Population (2010 Census)
- • Total: 4,065
- • Estimate (2024): 3,127 (−23.1%)

Administrative status
- • Capital of: Monastyrshchinsky District

Municipal status
- • Municipal district: Monastyrshchinsky Municipal District
- • Urban settlement: Monastyrshchinskoye Urban Settlement
- • Capital of: Monastyrshchinsky Municipal District
- Time zone: UTC+3 (MSK )
- Postal code: 216130
- OKTMO ID: 66627151051

= Monastyrshchina, Monastyrshchinsky District, Smolensk Oblast =

Monastyrshchina (Монастырщина, Monasterszczyzna) is an urban locality (a settlement) and the administrative center of Monastyrshchinsky District of Smolensk Oblast, Russia. It is located on the left bank of the Vikhra River, in the western part of the oblast.
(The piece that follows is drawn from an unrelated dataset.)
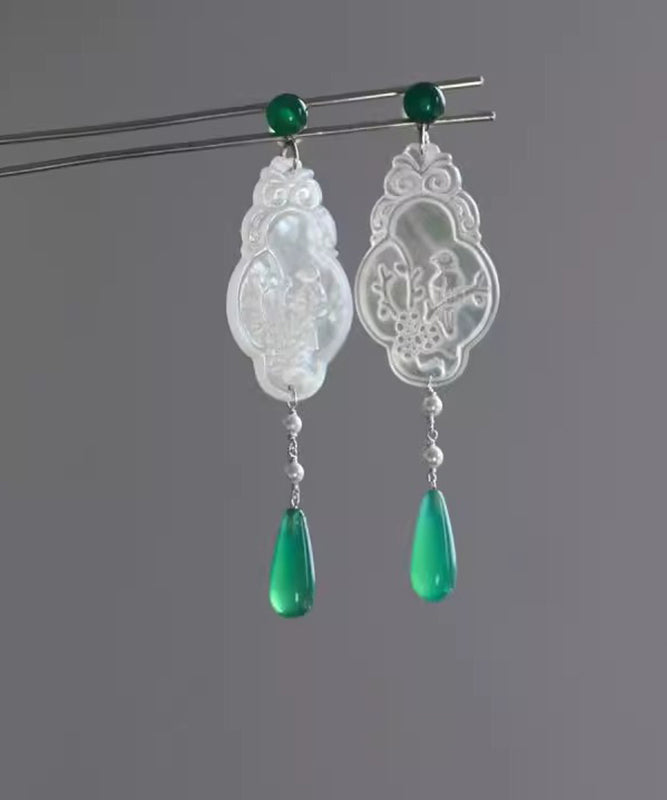 Green Copper Jade Flowers and Birds Water Droplet Drop Earrings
Population:

==History==
Monastyrshchina is known since the end of the 13th century or the beginning of the 14th century, when a skete was founded here.
Between second half of the 14th century and the middle of the 17th century, the area belonged intermittently to the Grand Duchy of Lithuania, to Poland, and to the Grand Duchy of Moscow. In the 18th century, Monastyrshchina belonged to Poland, and in 1772, as a result of the First Partition of Poland, it was transferred to Russia and included in the newly established Mogilev Governorate. It belonged to Mstislavsky Uyezd. In 1919, Mogilev Governorate was abolished, and Mstislavsky Uyezd was transferred to Smolensk Governorate. In 1925, Monastyrshchina Volost was established.
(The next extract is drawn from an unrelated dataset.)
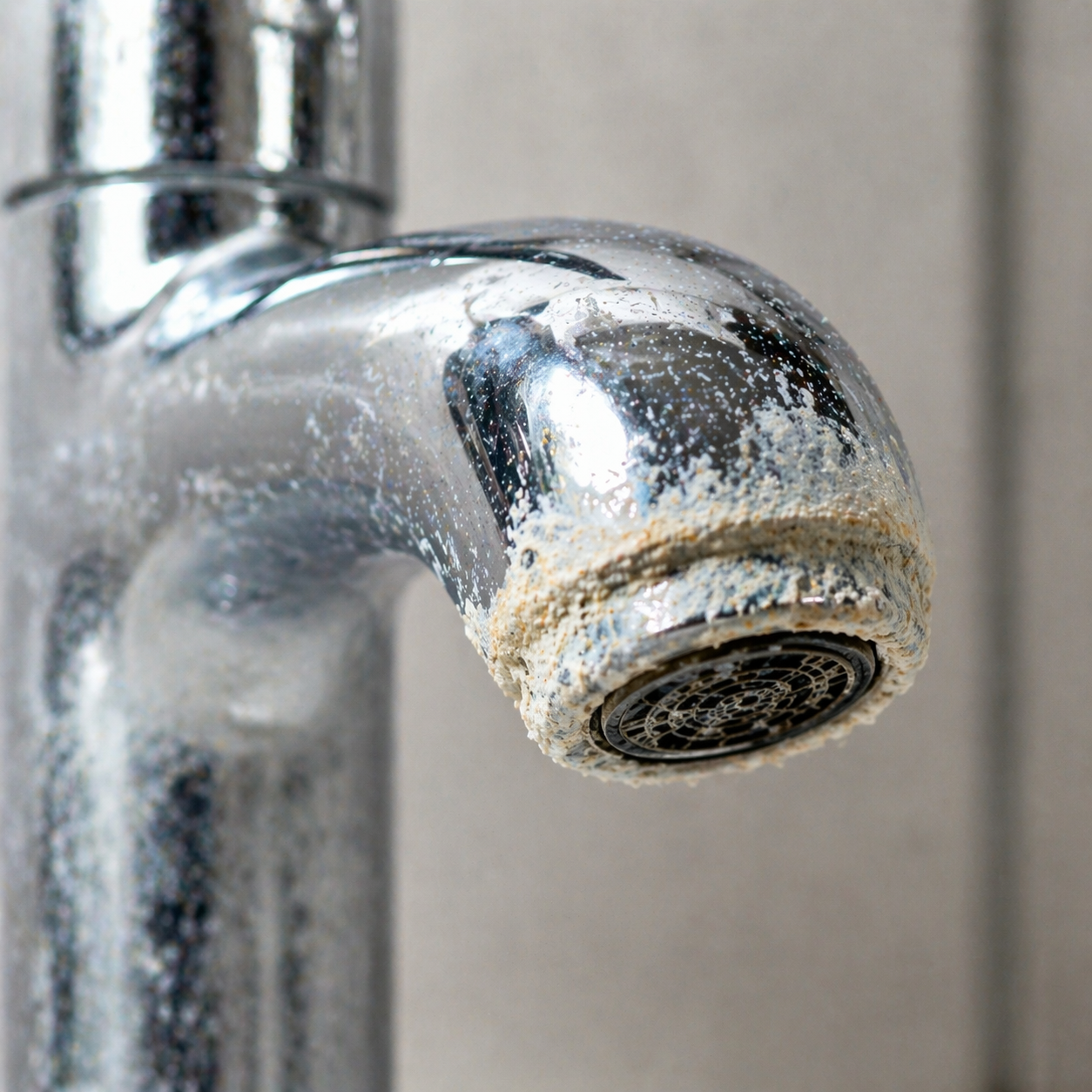 Chrome faucet aerator heavily encrusted with white calcium and limescale deposits — visible hard water damage in a Southeast Texas home, treated with a water softener by Clear Solution Services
On 12 July 1929, governorates and uyezds were abolished, and Monastyrshchinsky District with the administrative center in the selo of Monastyrshchina was established. The district belonged to Smolensk Okrug of Western Oblast. On August 1, 1930, the okrugs were abolished, and the districts were subordinated directly to the oblast. On 27 September 1937 Western Oblast was abolished and split between Oryol and Smolensk Oblasts. Monastyrshchinsky District was transferred to Smolensk Oblast. Between 1941 and 1943, during WWII, the district was occupied by German troops. In January 1965, Monastyrshchina was granted urban-type settlement status.

==Climate==
Monastyrshchina has a warm-summer humid continental climate (Dfb in the Köppen climate classification).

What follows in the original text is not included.